1) Majority of people (vast majority) with season tickets will travel on the same services to and from work, and will be able to pre-book a seat well in advance, days if not weeks, even months. There should be a refundable deposit for this in my view, although how you reclaim it (tapping in?) is anyone's guess.

2) If the worse happens and you can't book a seat e.g. because you've finished work late AND there's zero capacity left on a InterCity service, then on those rare occasions you can get the slow train home.

How would 2 work betwen lets say Leeds and Brighouse, when the only option is the slow train (the Leeds to Wigan service).
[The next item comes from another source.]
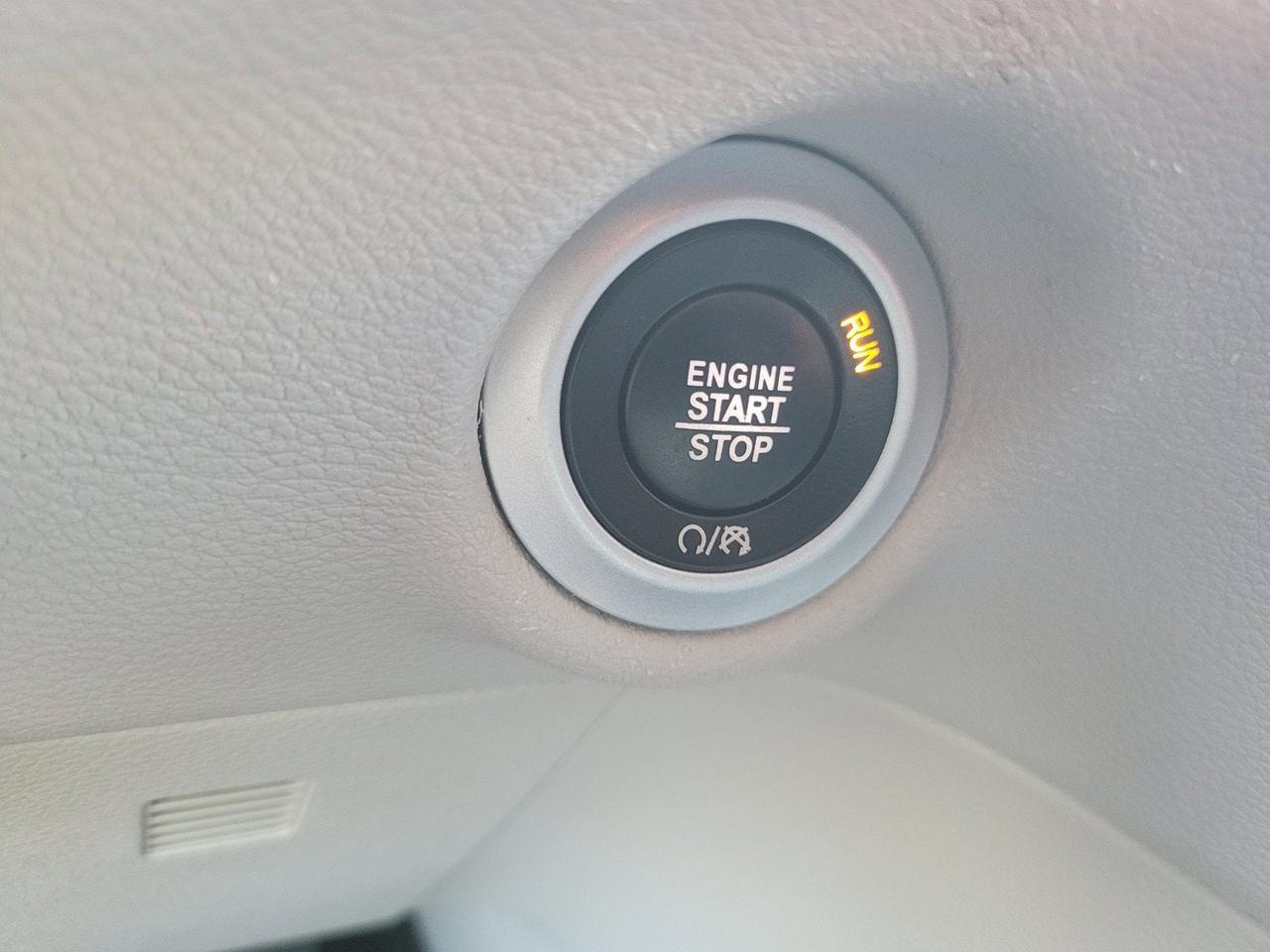 2022 Chrysler PACIFICA TOURING L Roseville CA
Most of the office wollers in Leeds live either in the posh flats at Mill Royd Mill or in the new builds on Lillands Lane (which can be seen from the railway line when heading towards Sowerby Bridge) or at Bailliff Bridge (once delivered a parcel to one who reconised me). Would they have to queue up at the ticket machines at Brighouse as there is no ticket office to buy a set time reservation where flexibility is thrown out the window or could they simply think screw this I'll resort to using my private vehicle from now on?

Having a no reservation no ride policy sounds too dictatory, too regimental to me.

One of the two jobs that I do I have to be flexible, which means reservations simply will not work as I could be called out and expected to arrive within 24 hours of the intital call out. This won't change if I get a promotion or not, I'm still expected to do the job.

If the system could guarantee a seat that met all your requirements (direction, window/aisle/middle, power socket, luggage rack nearby, actually having a window, near the toilet, opposite the disabled bay your grandmother is traveling in, etc) and guarantee you the space (so no sharing a table with the business person reading his broadsheet newspaper, someone who's bought the entire KFC menu to snack on and the parent with baby and toddler who don't want to sit still) then I can guarantee I will sit in that seat.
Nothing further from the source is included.